Two worthies well worth listening to -- Columbia University professor Gerald Curtis and Sophia University professor Nakano Koichi -- will be speaking this noontime at the Foreign Correspondents’ Club of Japan. (Link)
I must admit a curious relationship with both men. Professor Curtis gave a very kind public plug for Shisaku last month, with the caveat (an unnecessary one, really) that "Michael is not always right." Professor Nakano does not know quite what to make of me, even after we have served on discussion panels together. I am guessing, though, that I am not his favorite person.
Which is odd, because of the two, I more inclined to agree with Dr. Nakano than Dr. Curtis, specifically on the outlook for the governing style of the Abe Cabinet after the July 21 election. Professor Curtis is largely sanguine, expecting that the postwar habis of political parties and governments holding back from the full use of their powers will carry on past July 21. I believe, and I suspect Dr. Nakano believes that once clear of the House of Councillors election the Liberal Democratic Party's worst elements will run amok, bulldozing long-desired revisionist and remilitarization claptrap through the Diet, constrained by only by the occasional mild protest from a cowering New Komeito and/or their own sloth.
Dr. Curtis has assured me that fear public criticism will keep Abe and Company from making use of the near dictatorial powers they will enjoy after July 21. The good doctor may have a point: the Abe government has heretofore not made much use of its supermajority in the House of Representatives...if by "not made much use" one means, "if one ignores the use of the supermajority to pass the redistricting based upon the egregious +0/-5 electoral reform legislation perpetuating the inequalities in the electoral system critical to LDP dominance." (Link - J)
I am not sure that today's LDP, composed of folks who could not stop attacking Prime Minister Kan Naoto even as the country was plunged in its worst crisis since World War II, is so genteel as to be reined in by admonitions from the nation's editors and television personalities.

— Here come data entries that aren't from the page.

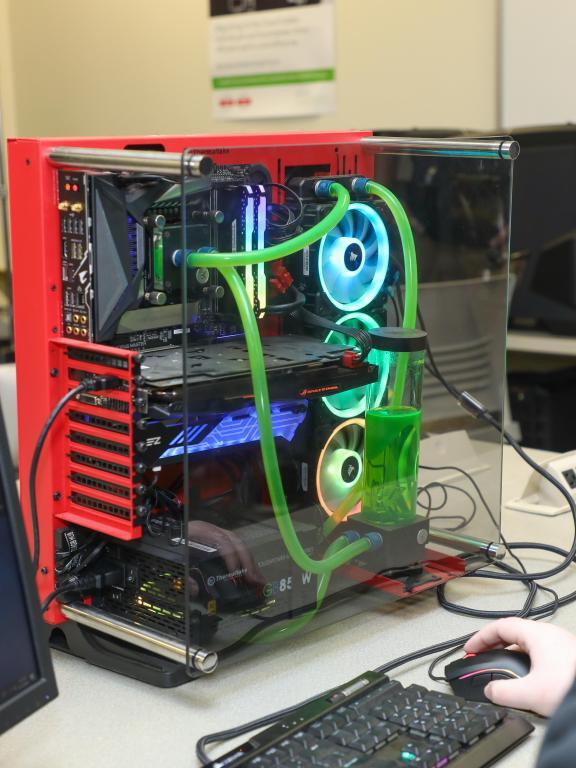 Information technology student works at a computer beside a custom-built PC with visible internal components and liquid cooling.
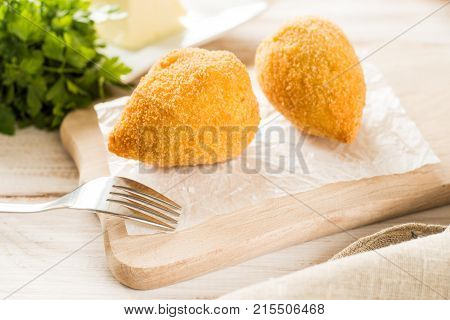 Chicken Kiev cutlets with parsley leaves and butter.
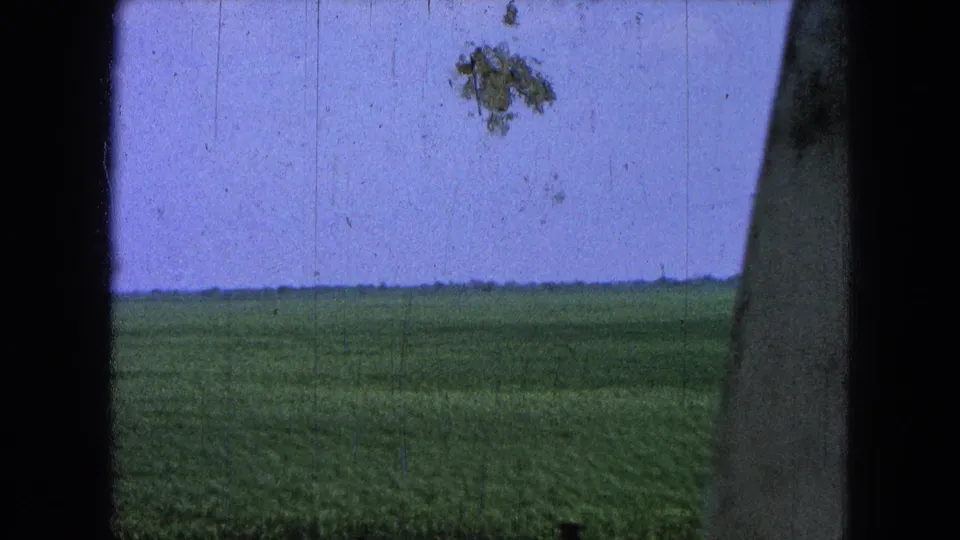 Pueblo, Mexico home-movie frame showing a green field, pale sky, dark side obstruction, and visible 8mm surface marks.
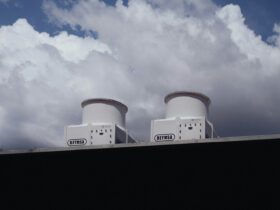 Two white devices on a rooftop against a cloudy sky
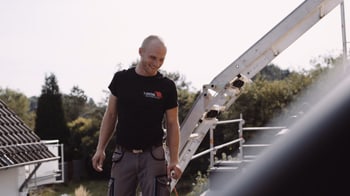 Lächelnder Handwerker auf einem Dach neben einer Leiter.
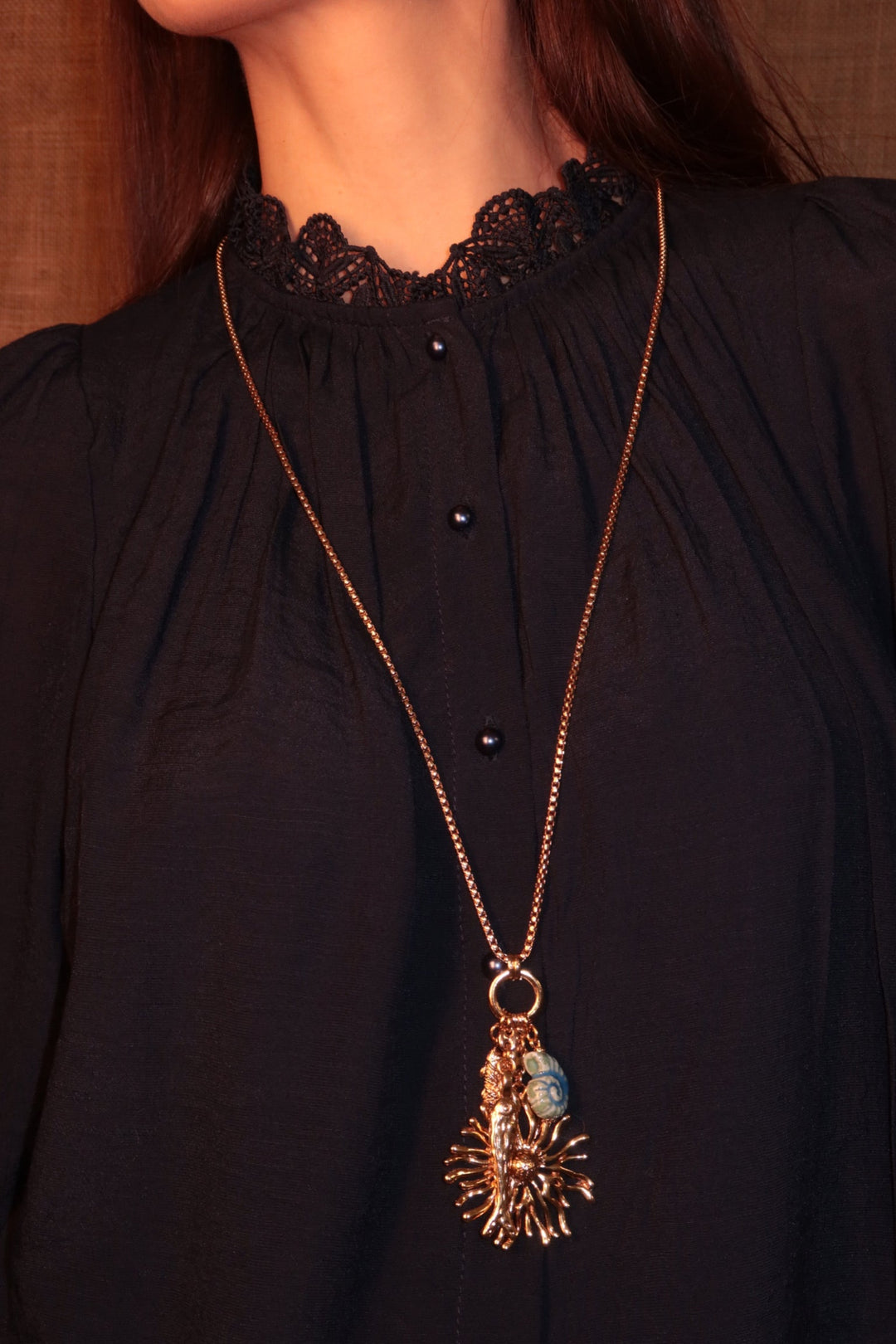 Collana lunga con pesce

If I were at the press conference I would also like to hear what both professors make of the recent drops in voter participation...and not just for the knife to the back such opting out from voting has been for the Democratic Party of Japan. I would like to know how the two professors will incorporate the terrible voter turnout numbers for the last two big elections (last December's House of Representatives election and the Tokyo Metropolitan Assembly election of June 23) and the projected poor turnout for the July 21 election into their theories on how Japanese democracy works, or, if they wish to categorize it so, how Japanese democracy does not work.